### Task input
============================================================

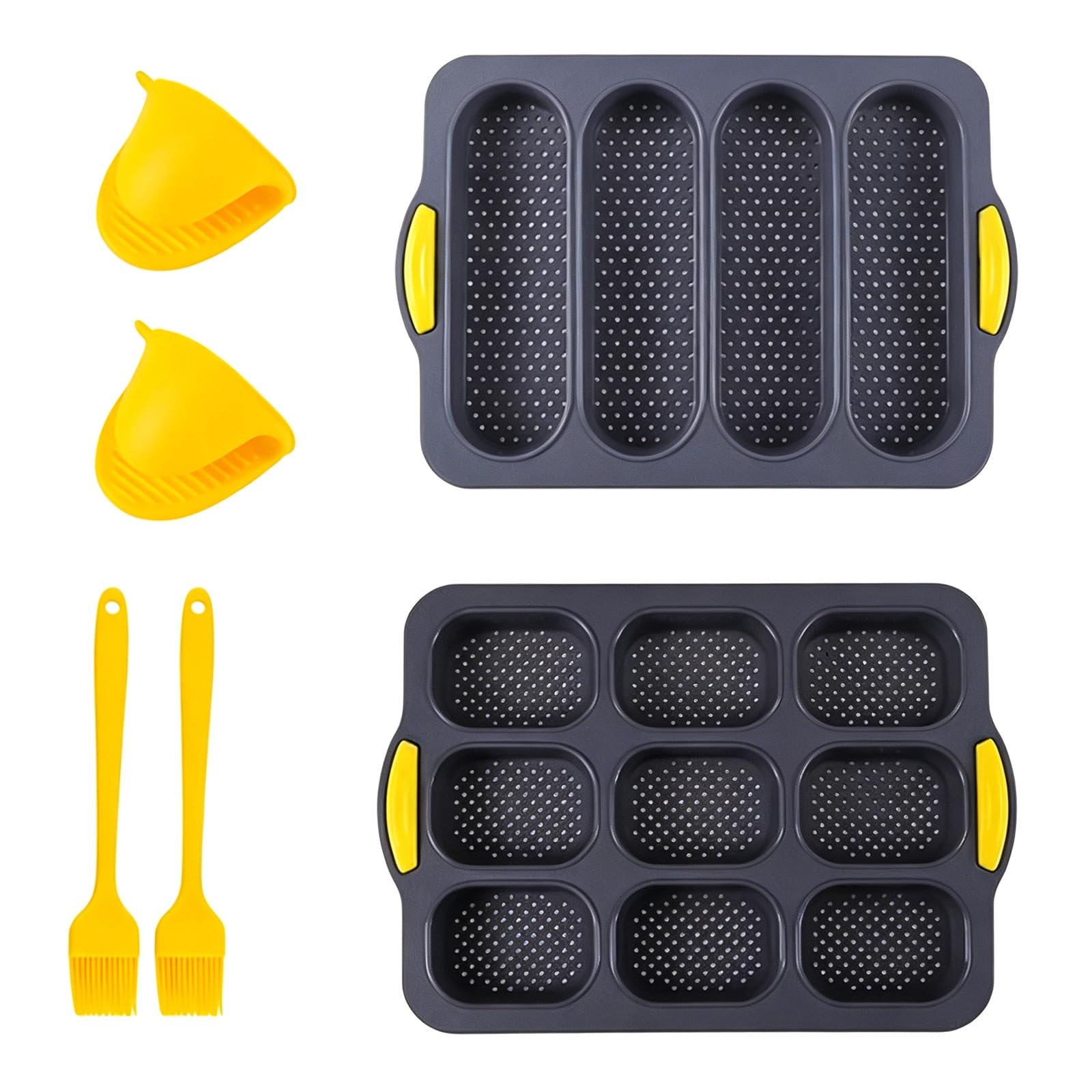 PANGBOER Professional Grades Silicone Bakewares Set with Multiple Cavities Bread Baking Set for Various Bread Shape and Size Simple Baking Tray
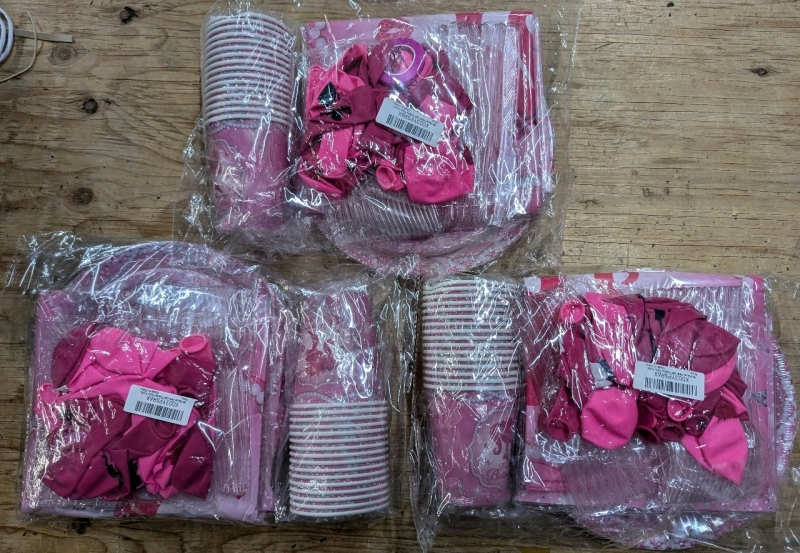 3 New Pink Girls Party Supply Kits.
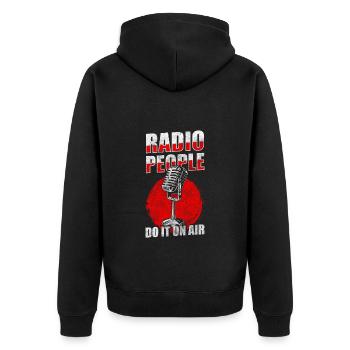 Fréquence vocale de l’émission de radio - Veste à capuche bio Premium Unisexe - noir - Dos - Nico (187cm)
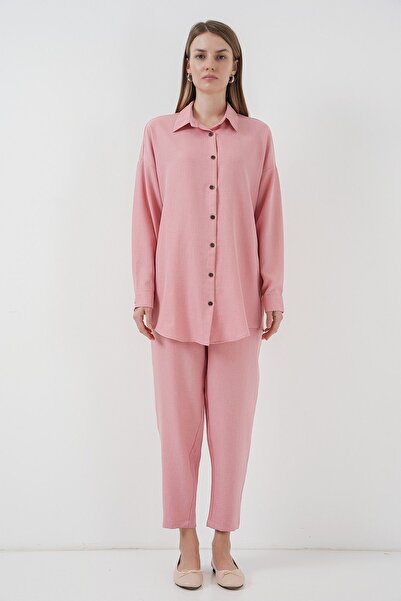 Hiccup Bdart Linen Blend Long Sleeve Shirt and Pants Set
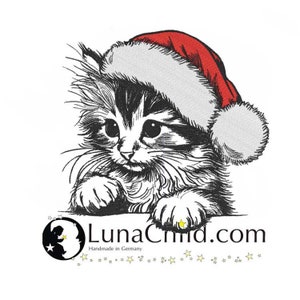 Stickdatei Kätzchen Katze mit Weihnachtsmütze "Ria" Kitten realistisch kommerzielle Nutzung LunaChild
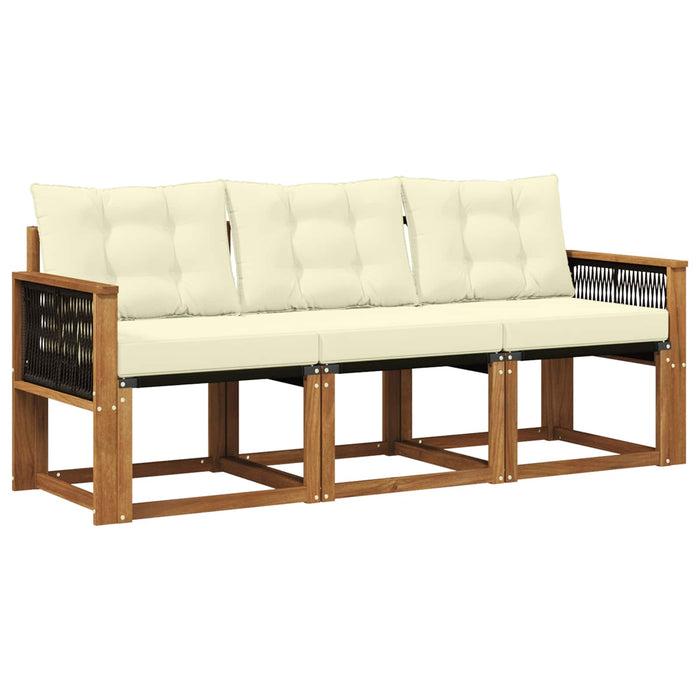 Set de canapele de exterior cu pernă 3 pcs Natural și Crem WALTI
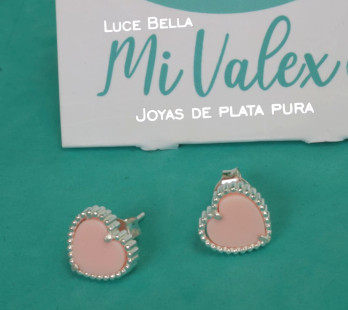 A465 Arete Corazón Rosa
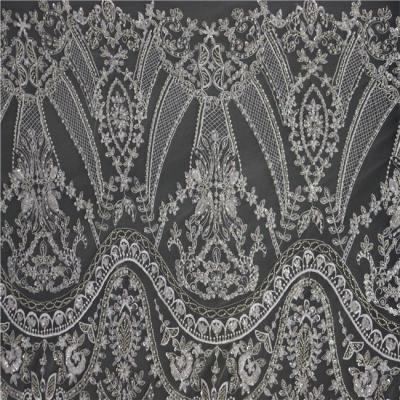 China Hot Selling Mesh Tulle Embroidered Lace Fabric Viable For Make Anorak for sale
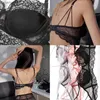 Bras Sets French Ultra-thin Sexy Lace Bra Set Women Hollow Black Underwear Plus Size CD Cup Bralette Body Sculpting Waist-high Panties Set Q230922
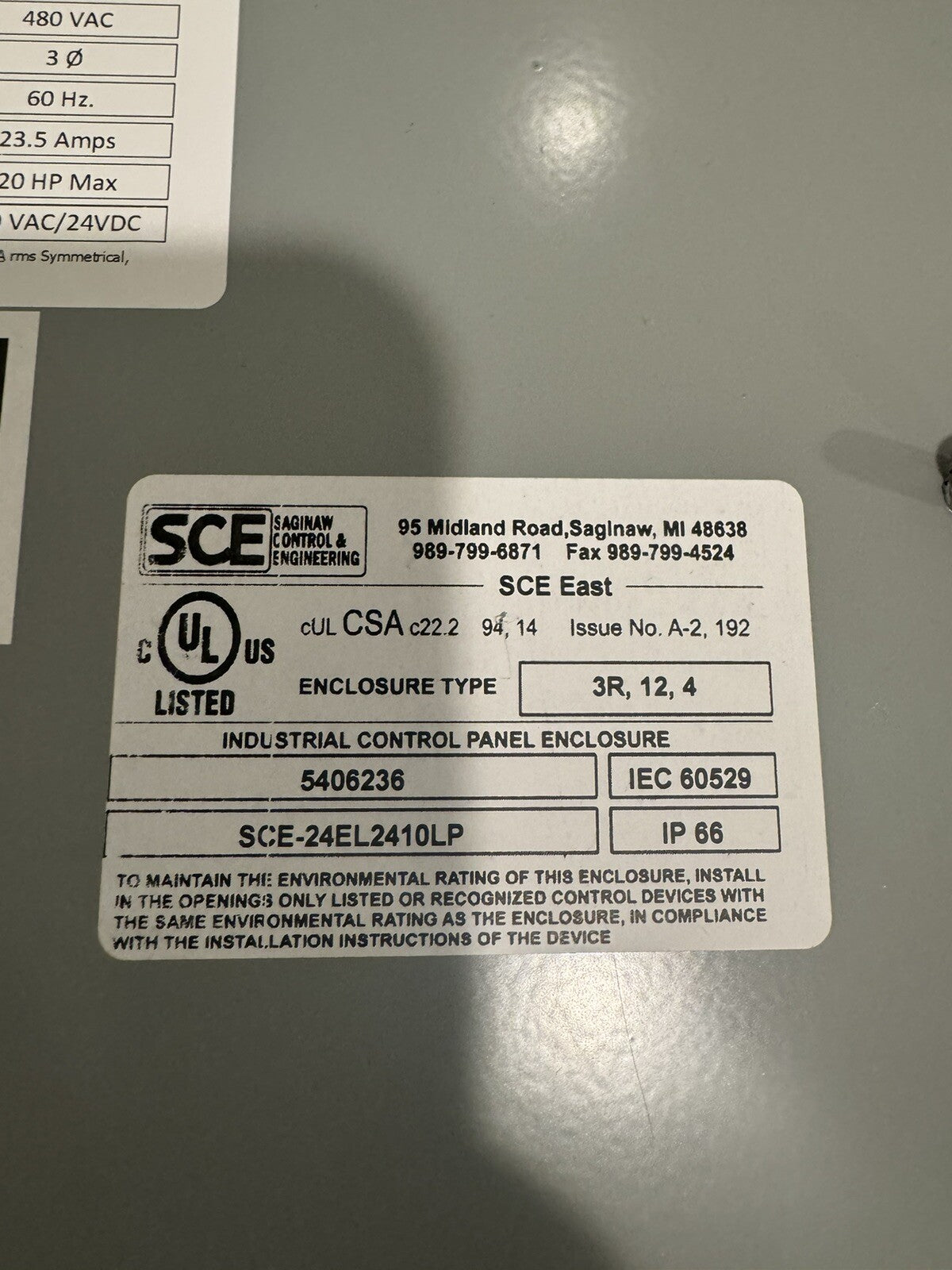 Camfil A024110009 Dust Collector Integrated Control Center 0502186 NEW!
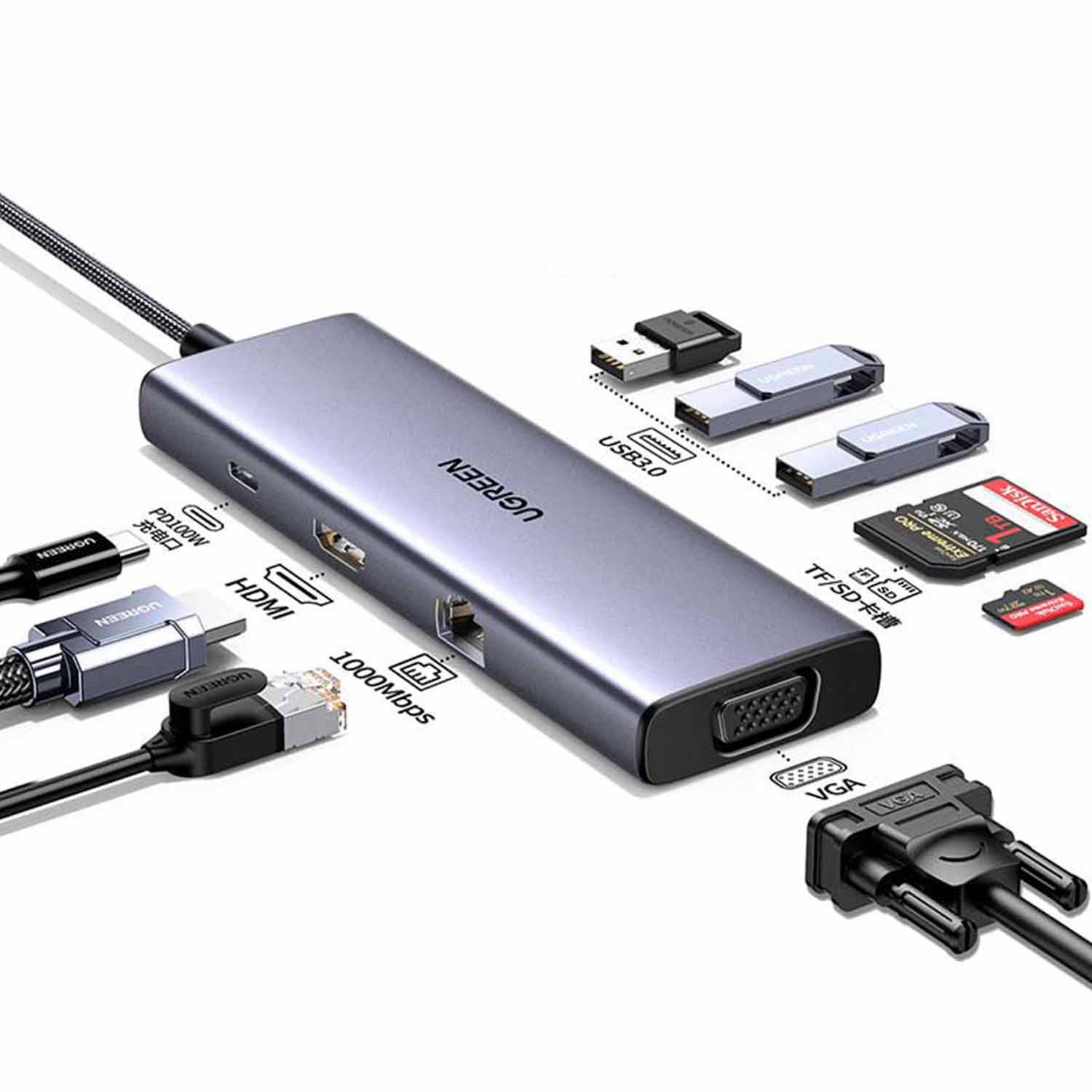 HUB UGREEN MULTIFUNCIONAL 9-EN-1 USB-C PARA WINDOWS, MACOS, LINUX,CM498 - 1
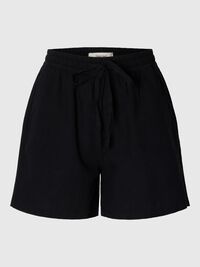 LINEN BLEND SHORTS, Black, highres
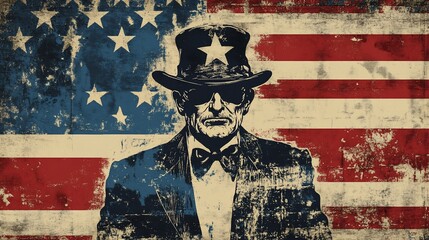 Vintage American Patriotism: Uncle Sam Silhouette on Distressed Flag
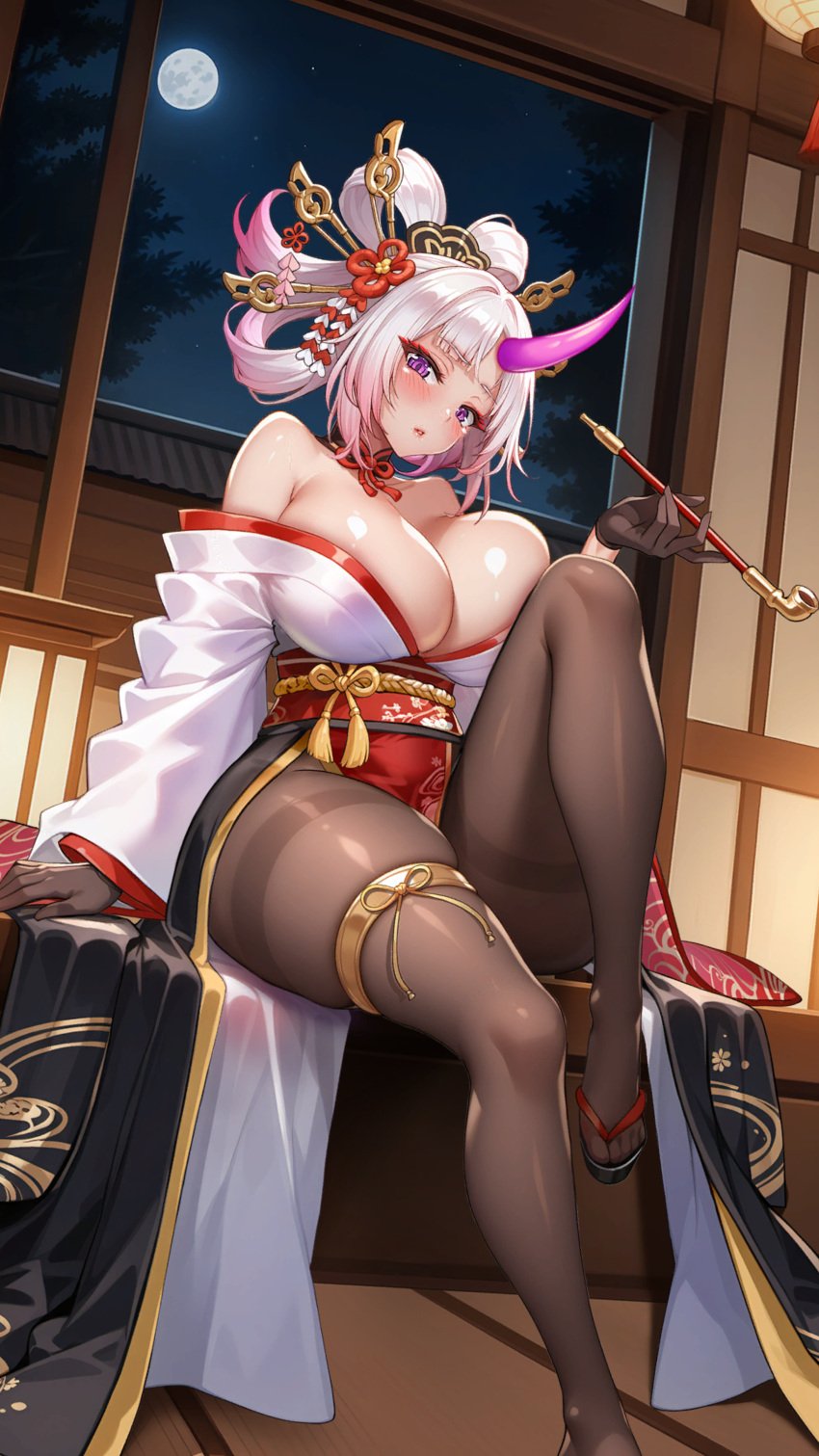 huge_breasts looking_at_viewer nova_(project_qt) nutaku project_qt thick_thighs tight_clothing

============================================================

### Problem details
Please, without any pictures, print each entry exactly.

### Your response
 PANGBOER Professional Grades Silicone Bakewares Set with Multiple Cavities Bread Baking Set for Various Bread Shape and Size Simple Baking Tray
 3 New Pink Girls Party Supply Kits.
 Fréquence vocale de l’émission de radio - Veste à capuche bio Premium Unisexe - noir - Dos - Nico (187cm)
 Hiccup Bdart Linen Blend Long Sleeve Shirt and Pants Set
 Stickdatei Kätzchen Katze mit Weihnachtsmütze "Ria" Kitten realistisch kommerzielle Nutzung LunaChild
 Set de canapele de exterior cu pernă 3 pcs Natural și Crem WALTI
 A465 Arete Corazón Rosa
 China Hot Selling Mesh Tulle Embroidered Lace Fabric Viable For Make Anorak for sale
 Bras Sets French Ultra-thin Sexy Lace Bra Set Women Hollow Black Underwear Plus Size CD Cup Bralette Body Sculpting Waist-high Panties Set Q230922
 Camfil A024110009 Dust Collector Integrated Control Center 0502186 NEW!
 HUB UGREEN MULTIFUNCIONAL 9-EN-1 USB-C PARA WINDOWS, MACOS, LINUX,CM498 - 1
 LINEN BLEND SHORTS, Black, highres
 Vintage American Patriotism: Uncle Sam Silhouette on Distressed Flag
 huge_breasts looking_at_viewer nova_(project_qt) nutaku project_qt thick_thighs tight_clothing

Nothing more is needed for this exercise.